══ GIVEN RECORDS

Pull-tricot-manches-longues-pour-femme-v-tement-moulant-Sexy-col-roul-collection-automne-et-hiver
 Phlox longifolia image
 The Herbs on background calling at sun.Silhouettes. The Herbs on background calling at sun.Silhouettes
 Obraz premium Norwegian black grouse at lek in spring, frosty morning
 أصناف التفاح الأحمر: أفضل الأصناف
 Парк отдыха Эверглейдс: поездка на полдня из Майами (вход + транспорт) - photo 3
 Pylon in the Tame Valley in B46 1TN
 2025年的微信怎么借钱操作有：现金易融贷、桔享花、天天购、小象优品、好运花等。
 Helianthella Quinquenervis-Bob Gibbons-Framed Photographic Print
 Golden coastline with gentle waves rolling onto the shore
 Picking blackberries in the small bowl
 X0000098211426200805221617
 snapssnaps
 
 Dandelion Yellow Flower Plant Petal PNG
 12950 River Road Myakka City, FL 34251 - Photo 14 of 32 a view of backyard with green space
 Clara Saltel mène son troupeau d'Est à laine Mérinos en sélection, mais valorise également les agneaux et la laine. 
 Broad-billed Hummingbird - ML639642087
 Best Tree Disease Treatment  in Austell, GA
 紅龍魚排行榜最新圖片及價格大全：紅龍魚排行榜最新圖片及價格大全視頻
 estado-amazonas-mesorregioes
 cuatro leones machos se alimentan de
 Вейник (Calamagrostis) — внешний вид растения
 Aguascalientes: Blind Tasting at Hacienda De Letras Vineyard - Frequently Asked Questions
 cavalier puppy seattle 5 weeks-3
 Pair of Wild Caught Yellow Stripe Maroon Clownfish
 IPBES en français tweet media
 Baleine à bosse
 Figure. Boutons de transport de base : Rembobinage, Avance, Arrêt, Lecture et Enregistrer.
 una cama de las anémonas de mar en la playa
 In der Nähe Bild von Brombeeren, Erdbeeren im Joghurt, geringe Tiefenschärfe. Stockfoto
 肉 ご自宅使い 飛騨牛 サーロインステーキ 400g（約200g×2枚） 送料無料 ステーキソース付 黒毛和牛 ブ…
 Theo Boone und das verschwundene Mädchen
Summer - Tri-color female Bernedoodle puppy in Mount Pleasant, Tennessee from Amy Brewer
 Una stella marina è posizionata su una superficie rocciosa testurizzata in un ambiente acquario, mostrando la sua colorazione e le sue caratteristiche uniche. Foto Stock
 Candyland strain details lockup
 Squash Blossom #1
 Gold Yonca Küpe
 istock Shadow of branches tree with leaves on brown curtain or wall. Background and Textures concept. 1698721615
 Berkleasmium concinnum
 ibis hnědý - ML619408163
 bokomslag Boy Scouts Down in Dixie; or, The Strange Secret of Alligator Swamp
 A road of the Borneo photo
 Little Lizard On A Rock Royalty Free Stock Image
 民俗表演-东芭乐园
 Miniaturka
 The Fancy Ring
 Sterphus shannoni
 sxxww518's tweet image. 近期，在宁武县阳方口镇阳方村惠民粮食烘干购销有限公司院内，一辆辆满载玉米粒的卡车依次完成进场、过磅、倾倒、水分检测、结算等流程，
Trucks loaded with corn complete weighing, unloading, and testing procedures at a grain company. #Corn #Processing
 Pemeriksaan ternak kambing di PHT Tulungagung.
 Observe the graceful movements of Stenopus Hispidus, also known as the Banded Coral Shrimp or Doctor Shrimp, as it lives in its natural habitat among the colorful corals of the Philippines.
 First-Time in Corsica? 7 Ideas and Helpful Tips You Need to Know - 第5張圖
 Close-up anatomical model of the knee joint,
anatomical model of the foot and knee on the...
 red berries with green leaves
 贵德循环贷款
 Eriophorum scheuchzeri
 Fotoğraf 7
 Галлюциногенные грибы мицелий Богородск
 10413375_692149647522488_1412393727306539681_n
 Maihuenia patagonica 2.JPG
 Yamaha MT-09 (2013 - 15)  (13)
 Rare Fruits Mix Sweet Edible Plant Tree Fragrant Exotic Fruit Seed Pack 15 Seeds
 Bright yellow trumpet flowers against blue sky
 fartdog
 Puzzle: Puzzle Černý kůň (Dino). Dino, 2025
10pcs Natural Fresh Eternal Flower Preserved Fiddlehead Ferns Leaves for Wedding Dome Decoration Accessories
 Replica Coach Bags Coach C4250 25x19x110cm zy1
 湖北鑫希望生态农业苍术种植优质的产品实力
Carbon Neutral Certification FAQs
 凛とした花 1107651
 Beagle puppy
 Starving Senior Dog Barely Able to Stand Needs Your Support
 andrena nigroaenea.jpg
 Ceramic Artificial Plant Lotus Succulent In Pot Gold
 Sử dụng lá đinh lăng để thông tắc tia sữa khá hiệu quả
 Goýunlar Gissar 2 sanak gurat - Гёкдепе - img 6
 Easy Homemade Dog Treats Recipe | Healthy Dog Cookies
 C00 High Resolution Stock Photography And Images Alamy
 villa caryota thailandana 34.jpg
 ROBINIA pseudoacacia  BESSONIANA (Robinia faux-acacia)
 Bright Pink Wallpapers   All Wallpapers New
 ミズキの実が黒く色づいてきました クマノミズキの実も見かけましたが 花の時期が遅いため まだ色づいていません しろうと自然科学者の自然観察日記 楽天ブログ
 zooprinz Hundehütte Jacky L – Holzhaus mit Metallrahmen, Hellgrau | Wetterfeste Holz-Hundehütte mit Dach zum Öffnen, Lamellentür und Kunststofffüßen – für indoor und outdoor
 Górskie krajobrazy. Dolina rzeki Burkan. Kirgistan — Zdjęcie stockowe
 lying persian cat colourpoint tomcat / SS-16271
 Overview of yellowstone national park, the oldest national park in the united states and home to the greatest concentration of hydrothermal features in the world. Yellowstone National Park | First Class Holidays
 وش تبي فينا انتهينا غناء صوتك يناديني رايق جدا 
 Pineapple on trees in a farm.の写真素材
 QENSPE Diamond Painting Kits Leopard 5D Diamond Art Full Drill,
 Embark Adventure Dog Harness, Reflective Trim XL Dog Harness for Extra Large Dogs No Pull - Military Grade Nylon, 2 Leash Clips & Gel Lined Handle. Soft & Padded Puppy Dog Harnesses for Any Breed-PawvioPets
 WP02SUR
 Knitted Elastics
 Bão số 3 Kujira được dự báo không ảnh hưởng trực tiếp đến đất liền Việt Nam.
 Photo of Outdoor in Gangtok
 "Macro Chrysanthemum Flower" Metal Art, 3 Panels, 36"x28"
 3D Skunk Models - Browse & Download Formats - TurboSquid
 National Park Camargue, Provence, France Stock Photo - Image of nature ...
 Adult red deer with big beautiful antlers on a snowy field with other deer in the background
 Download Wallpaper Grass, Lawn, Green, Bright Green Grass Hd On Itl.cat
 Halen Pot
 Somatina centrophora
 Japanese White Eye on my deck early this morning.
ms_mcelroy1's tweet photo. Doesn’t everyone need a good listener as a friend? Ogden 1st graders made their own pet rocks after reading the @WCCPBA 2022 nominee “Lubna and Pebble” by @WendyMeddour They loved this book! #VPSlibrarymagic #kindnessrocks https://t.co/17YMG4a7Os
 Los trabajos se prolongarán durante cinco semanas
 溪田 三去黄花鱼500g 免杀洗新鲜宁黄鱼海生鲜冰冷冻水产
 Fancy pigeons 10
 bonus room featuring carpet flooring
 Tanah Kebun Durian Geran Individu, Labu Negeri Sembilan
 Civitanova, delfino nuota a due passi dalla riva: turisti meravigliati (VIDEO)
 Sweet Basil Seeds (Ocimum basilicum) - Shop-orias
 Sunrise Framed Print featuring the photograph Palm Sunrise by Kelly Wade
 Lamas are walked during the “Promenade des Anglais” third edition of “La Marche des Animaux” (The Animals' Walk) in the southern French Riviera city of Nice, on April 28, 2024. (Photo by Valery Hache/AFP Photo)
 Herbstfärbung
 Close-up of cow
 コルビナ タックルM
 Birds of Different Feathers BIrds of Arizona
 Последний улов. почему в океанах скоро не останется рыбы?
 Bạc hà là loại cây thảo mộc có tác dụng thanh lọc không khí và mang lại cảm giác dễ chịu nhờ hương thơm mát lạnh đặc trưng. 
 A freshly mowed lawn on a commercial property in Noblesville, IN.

════

• _AIM OF THE EXERCISE_
Your task is to retype the entries verbatim, starting with the line that holds "Галлюциногенные грибы мицелий Богородск" and stopping after the line that holds "湖北鑫希望生态农业苍术种植优质的产品实力".

• _PROBLEM SOLUTION_
 Галлюциногенные грибы мицелий Богородск
 10413375_692149647522488_1412393727306539681_n
 Maihuenia patagonica 2.JPG
 Yamaha MT-09 (2013 - 15)  (13)
 Rare Fruits Mix Sweet Edible Plant Tree Fragrant Exotic Fruit Seed Pack 15 Seeds
 Bright yellow trumpet flowers against blue sky
 fartdog
 Puzzle: Puzzle Černý kůň (Dino). Dino, 2025
10pcs Natural Fresh Eternal Flower Preserved Fiddlehead Ferns Leaves for Wedding Dome Decoration Accessories
 Replica Coach Bags Coach C4250 25x19x110cm zy1
 湖北鑫希望生态农业苍术种植优质的产品实力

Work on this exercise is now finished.